'''
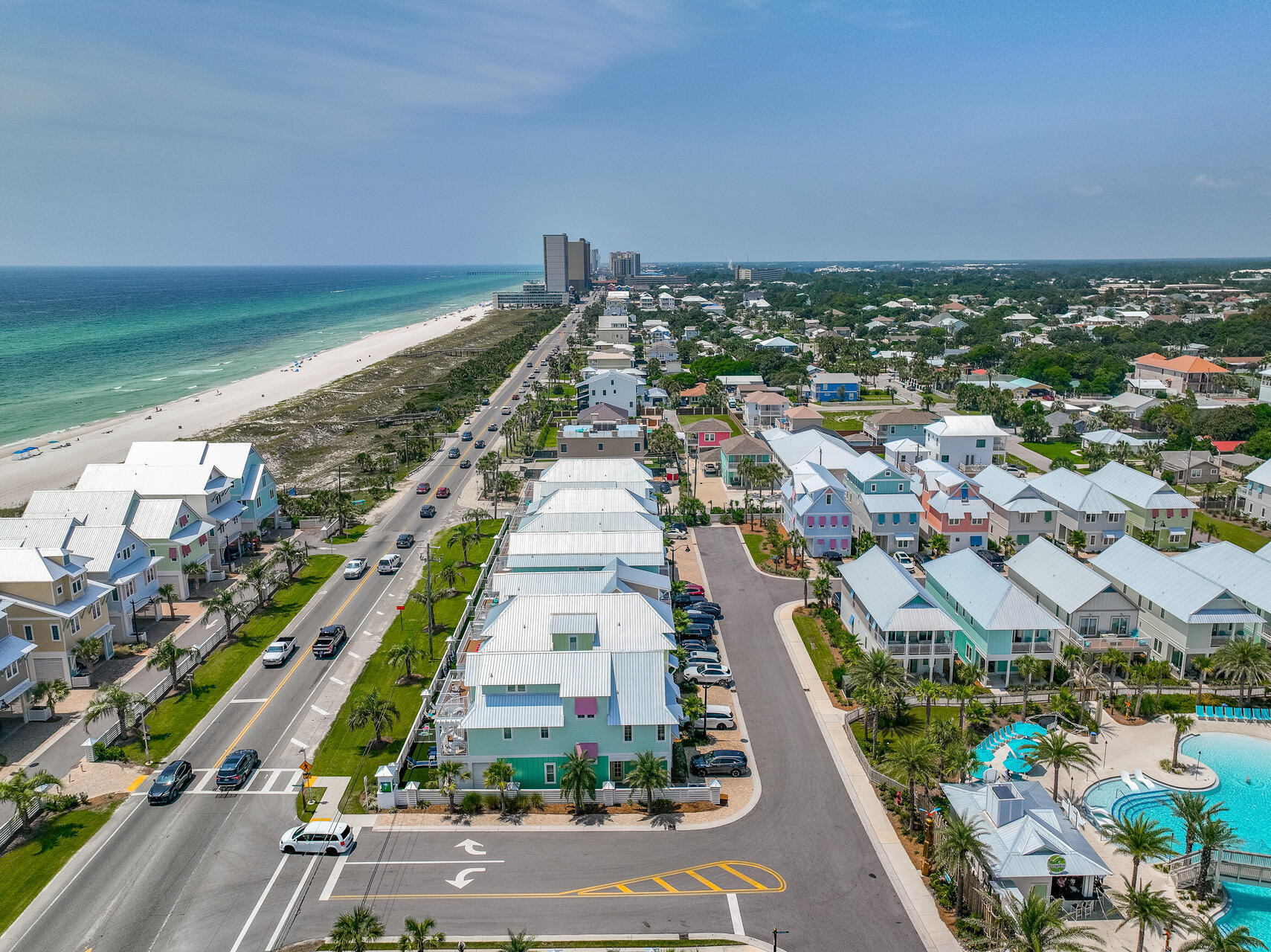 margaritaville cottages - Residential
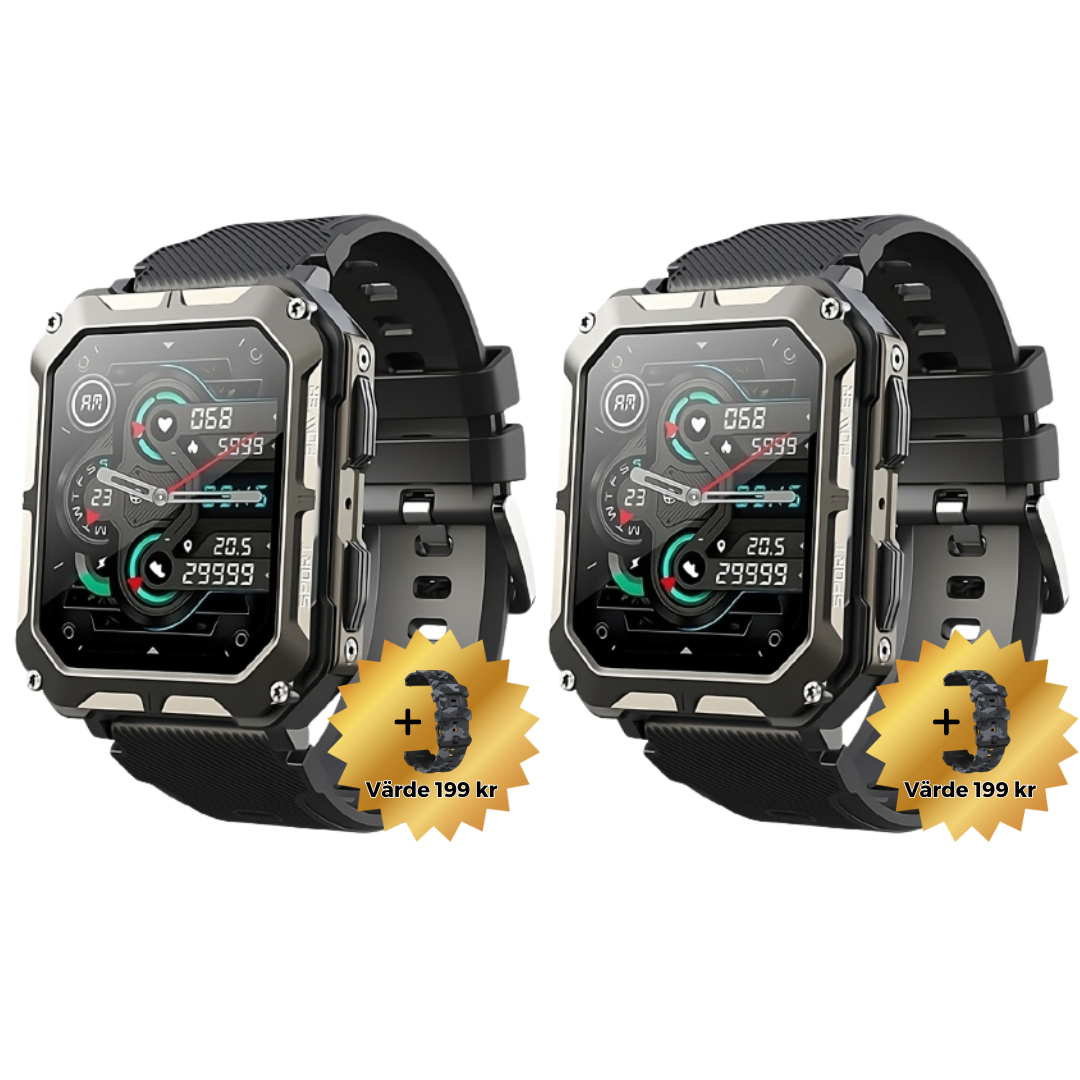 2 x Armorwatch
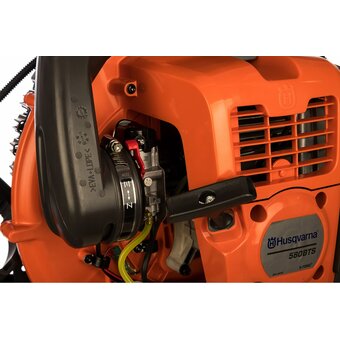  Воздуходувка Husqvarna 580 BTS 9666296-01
'''
_Requirement:_
Skipping all pictures, set the listing down exactly as written.

_Exercise result:_
 margaritaville cottages - Residential
 2 x Armorwatch
  Воздуходувка Husqvarna 580 BTS 9666296-01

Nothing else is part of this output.